Bank failed to set up account in a way that prevented brother using funds for gambling

Account mandates,
Natalia’s brother had a gambling problem. In 2017, the pair asked the bank to set up an account that he could access only with the agreement of Natalia or her sister. The bank opened a term deposit and made the brother the account owner and the two sisters the signatories, with a ‘two-to-sign’ rule. The brother deposited $120,000 in the account. In 2018, the brother transferred the funds to his own bank account and spent $25,000.
March 2024

When the bank realised he had accessed the account contrary to the signing instruction, it returned the remaining amount to the account. Natalia subsequently called several times to check that her brother could not access the account without her or her sister’s consent, and the bank confirmed this was so. The account was operated without incident until December 2022 when the brother removed both sisters as signatories and withdrew all the money. When the sisters found out, they complained that he should not have been allowed to remove them as signatories.

Our investigation

The brother was vulnerable, and with his family, he had trusted the bank to set up an account in such a way that his finances would be protected. It was clear the bank had not met this requirement – despite repeatedly assuring Natalia her brother could not access the funds.
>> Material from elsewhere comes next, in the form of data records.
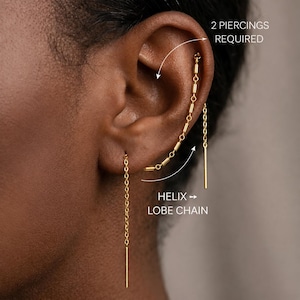 May include: A gold-toned chain earring connecting a lobe piercing to a helix piercing, featuring small cylindrical beads along the chain and straight bar ends. Text on the image reads 2 PIERCINGS REQUIRED and HELIX LOBE CHAIN.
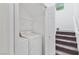 Bright laundry room with white washer and dryer, wire shelving, and natural light from a window at 8448 Quarentina Ave, Las Vegas, NV 89149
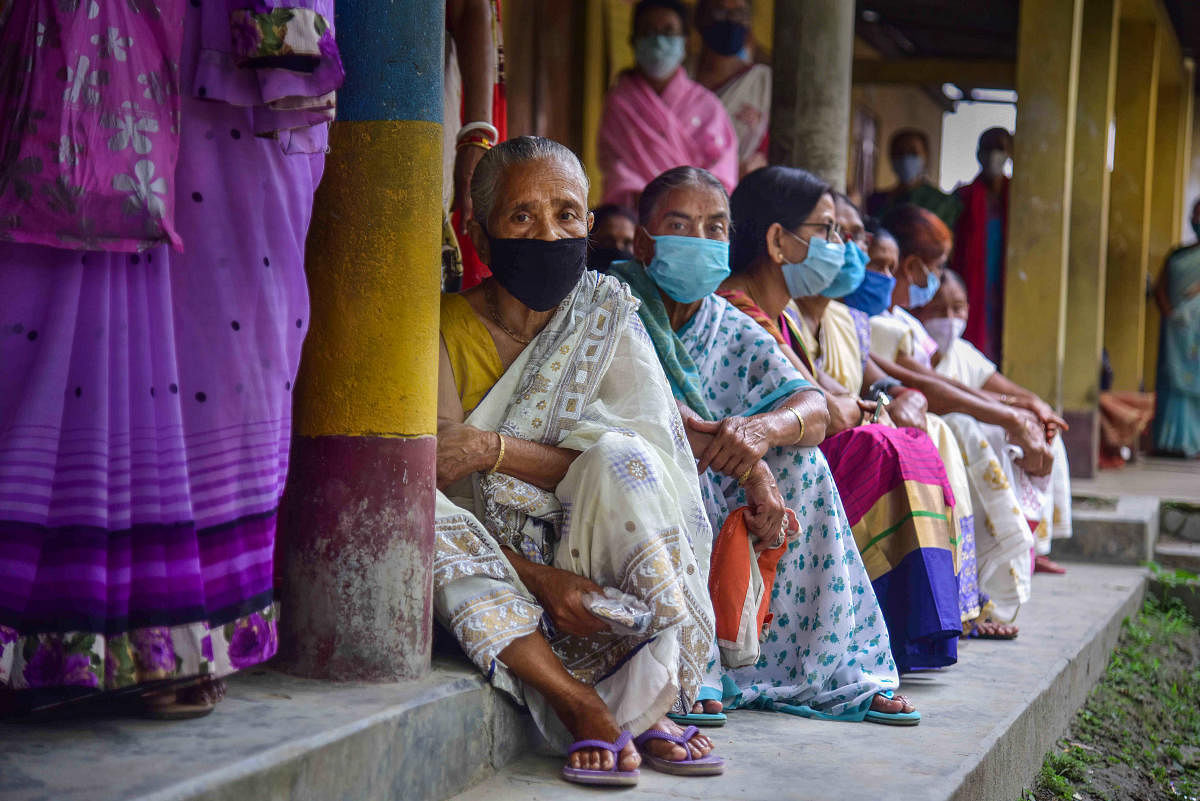 Citizens wait to receive Covid-19 vaccines in Assam's Nagaon. Credit: PTI Photo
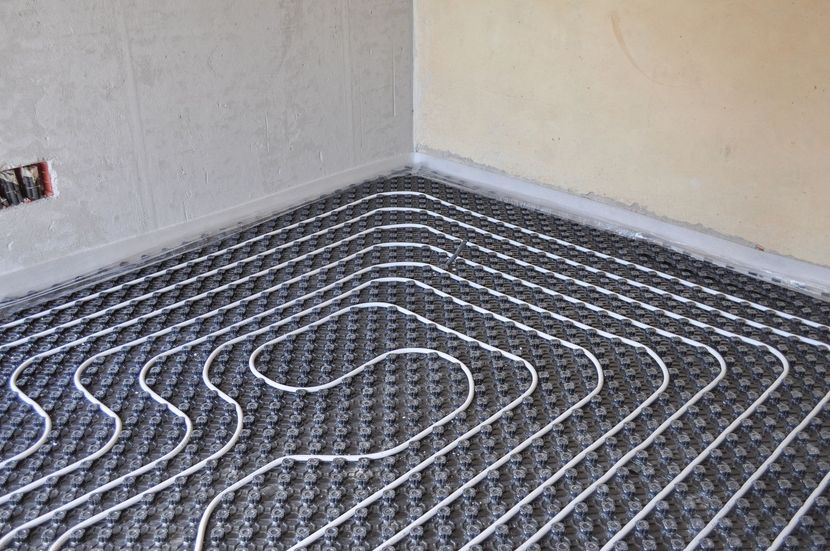 Tubi per il riscaldamento a pavimento radiante posati sul pavimento di una stanza durante la costruzione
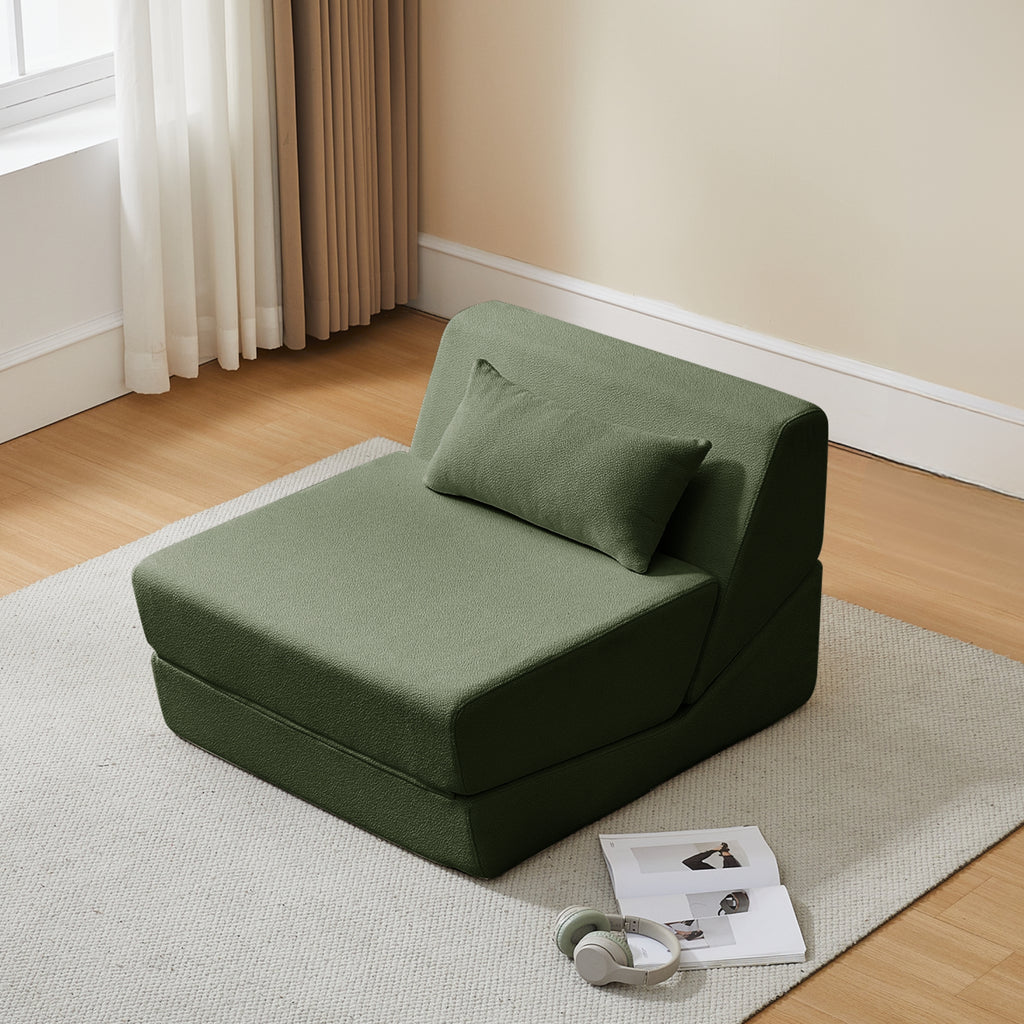 Turtle green cushioned chair on a rug in a room with curtains and a window.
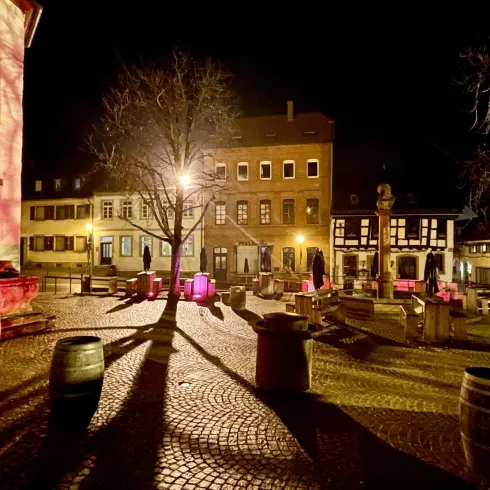 Ein ruhiger Platz bei Nacht mit warmem Licht und Schatten von Bäumen. Die Umgebung ist charmant und einladend, mit historischen Gebäuden und Sitzgelegenheiten.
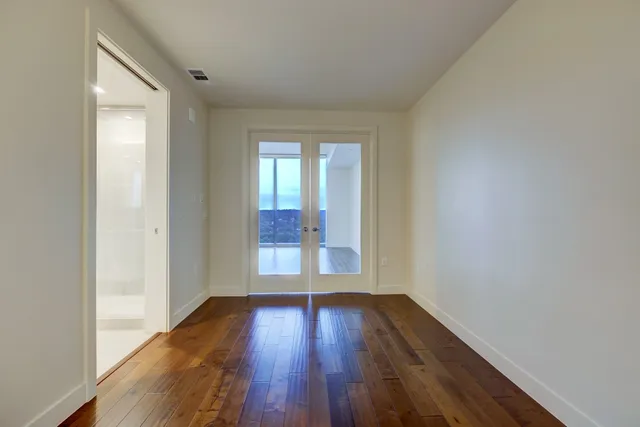 wooden floor in an empty room with a window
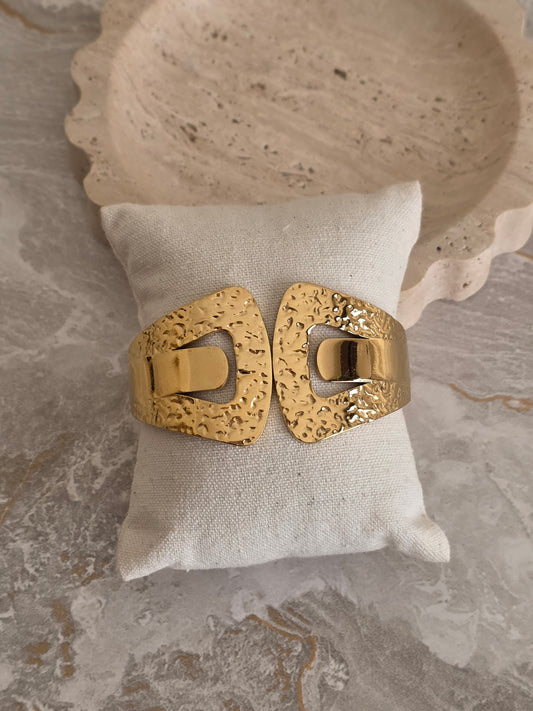 Gold statement bangle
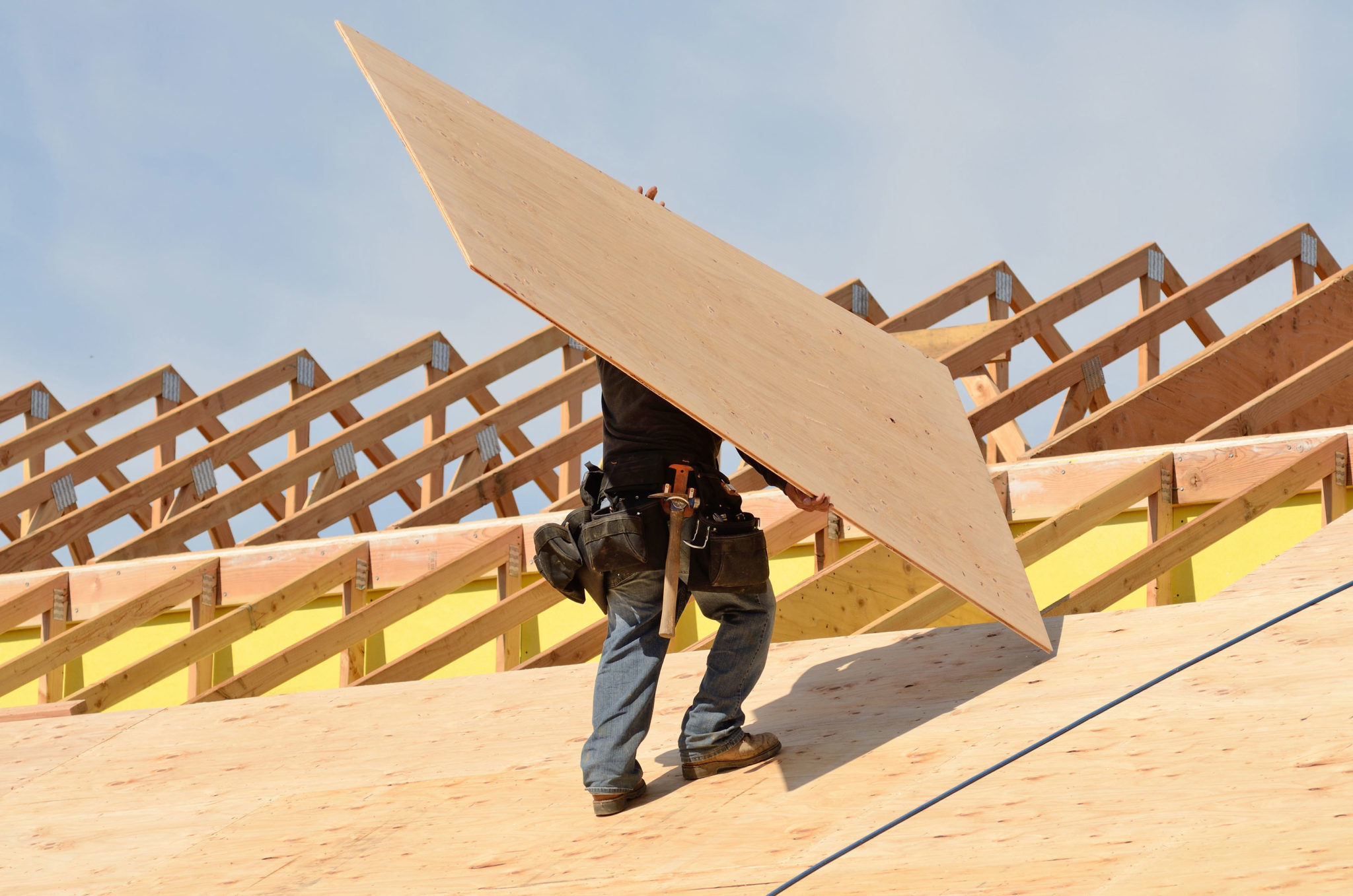 travailleur transportant un panneau de contreplaqué sur un toit en pente en construction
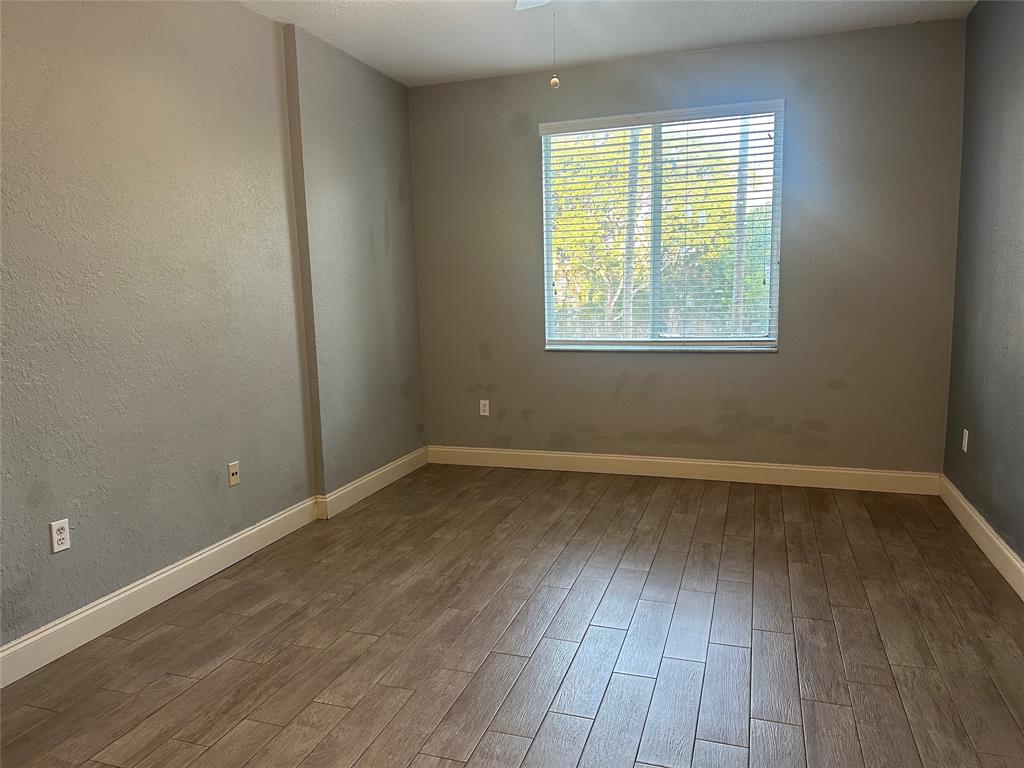 6928 Southwest 39th Street, Unit 207 Fort Lauderdale, FL 33314 - Photo 13 of 21 a view of an empty room with wooden floor and a window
The brother, as account owner, could change the signing rule or remove signatories at any time. Neither the sisters nor the brother had suffered any direct financial loss as a result. The money belonged to the brother, and he had used it as he wished. Natalia and her sister had, however, experienced a great deal of inconvenience. The bank’s failure to set up an account that protected their brother’s financial interests had caused turmoil in the family and insecurity about the brother's financial future.


We recommended $2,000 compensation. Natalia asked the bank for $5,000. The bank countered with $3,500, which Natalia accepted.